### Task brief
Would you please set down, word for word, the lines from the one with "Claas Arion 550 Tractor €52,000" through the final line of the data below, omitting any pictures?

### Source information

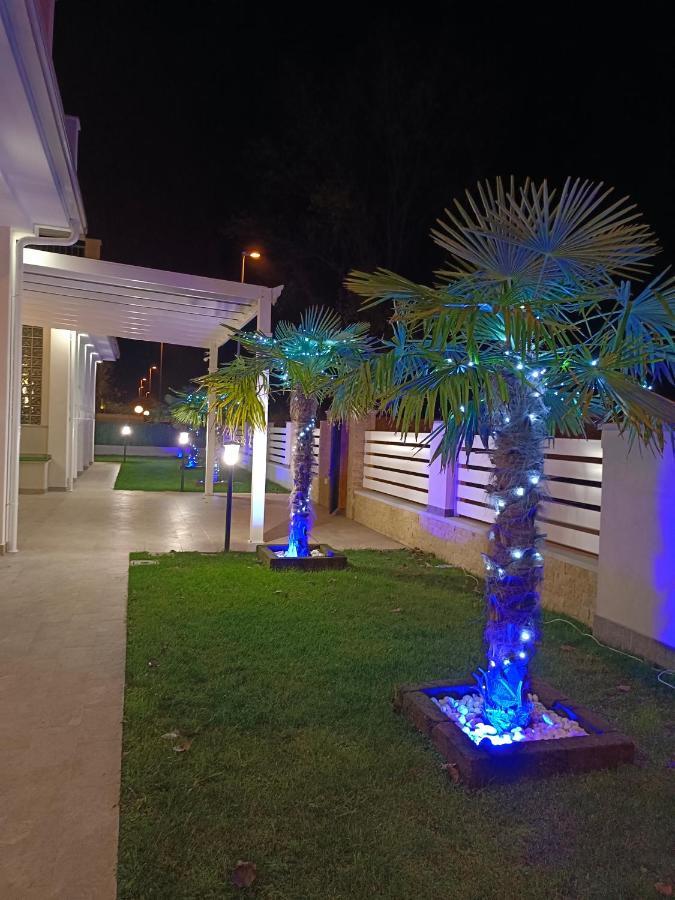 Residence Deamarina Marina di Massa Exteriér fotografie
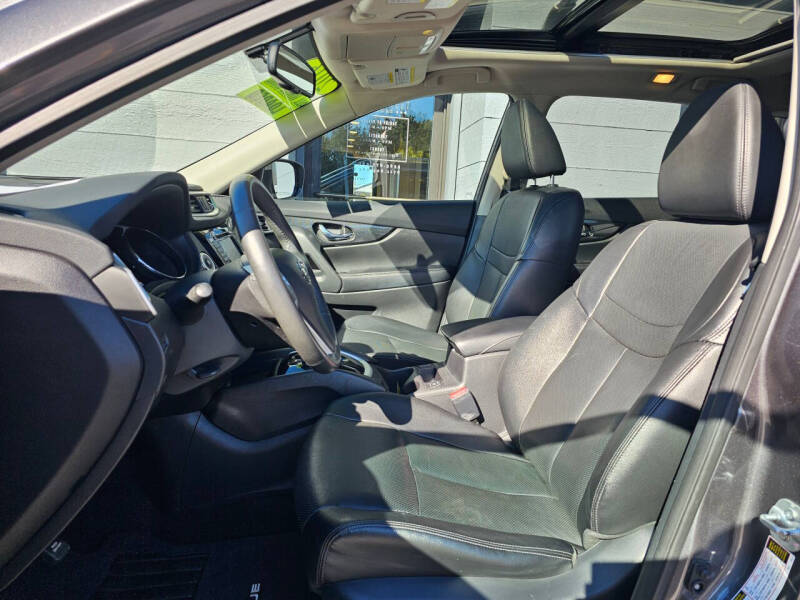 2016 Nissan Rogue SL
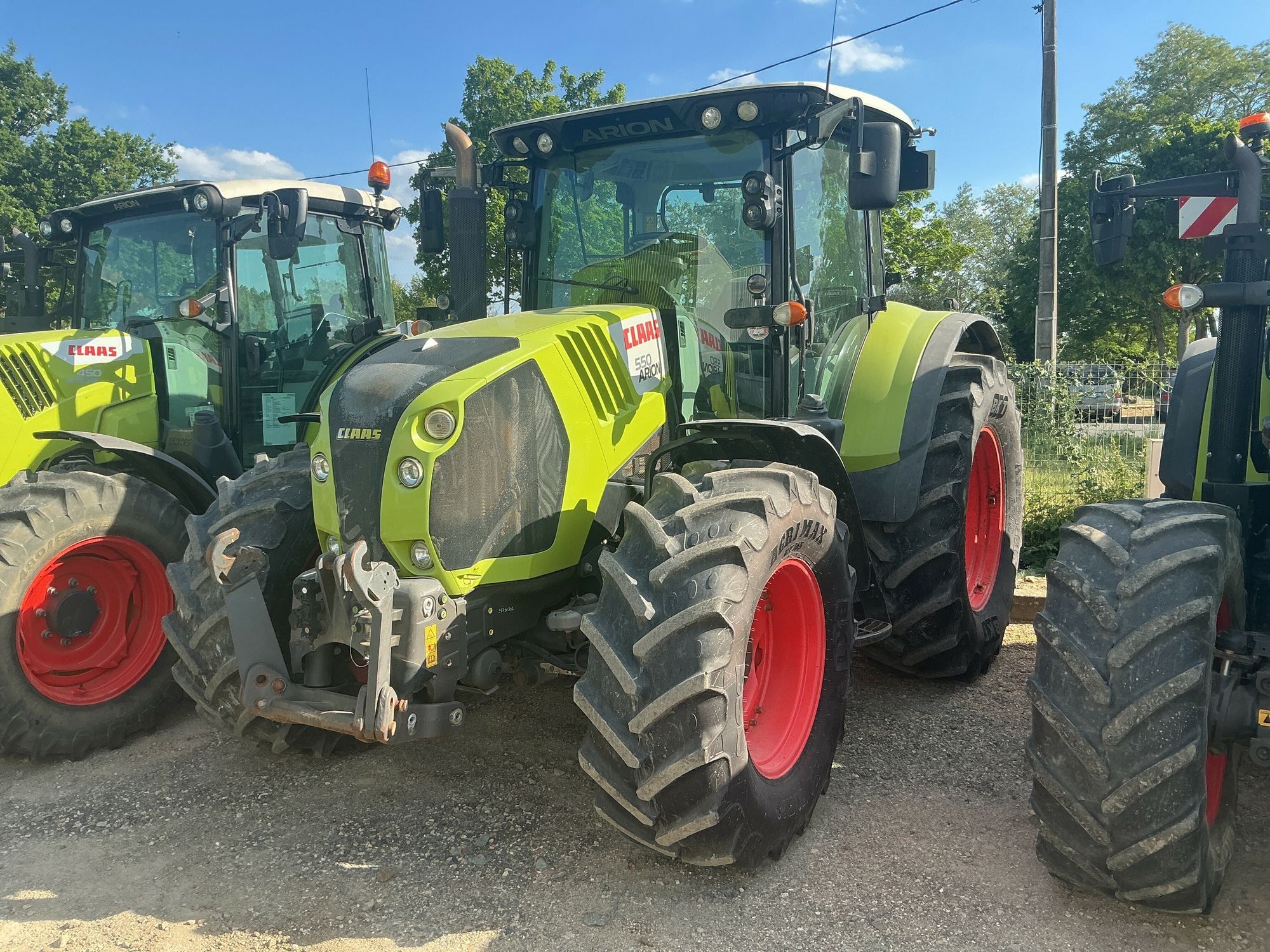 Claas Arion 550 Tractor €52,000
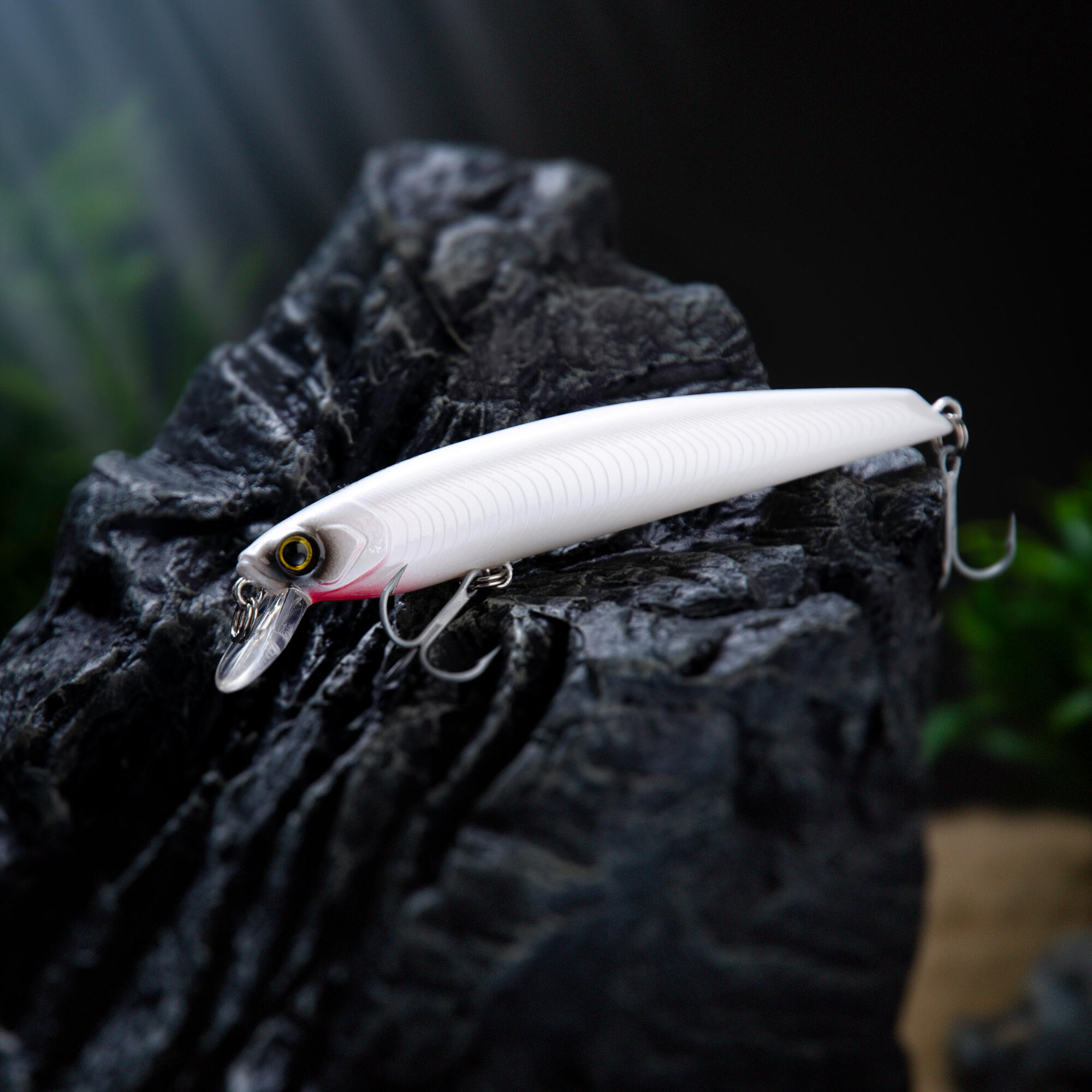 SAXTON 110F White sea lure fish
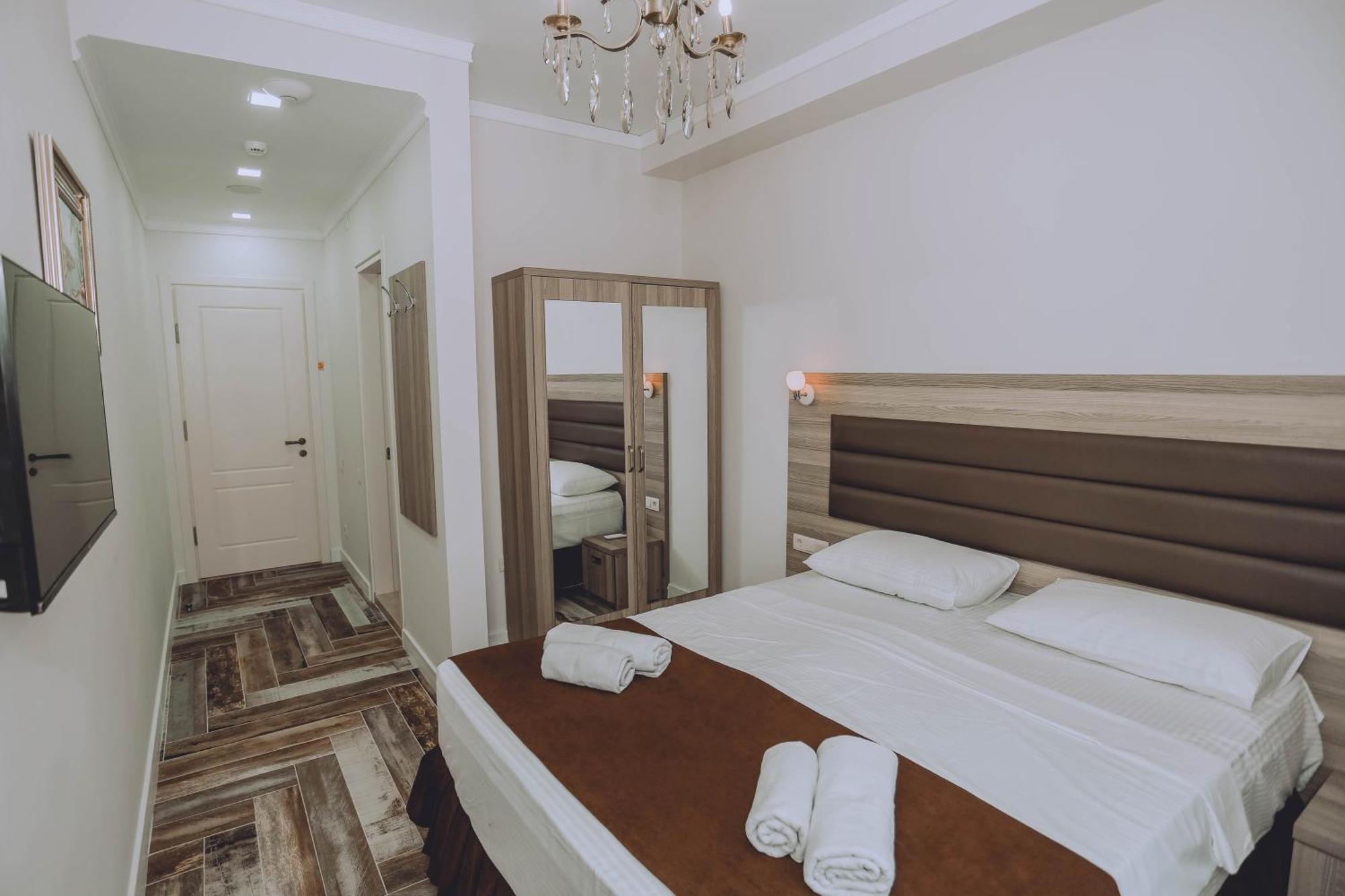 Royal Medis Hotel バトゥーミ エクステリア 写真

### Result for this task
 Claas Arion 550 Tractor €52,000
 SAXTON 110F White sea lure fish
 Royal Medis Hotel バトゥーミ エクステリア 写真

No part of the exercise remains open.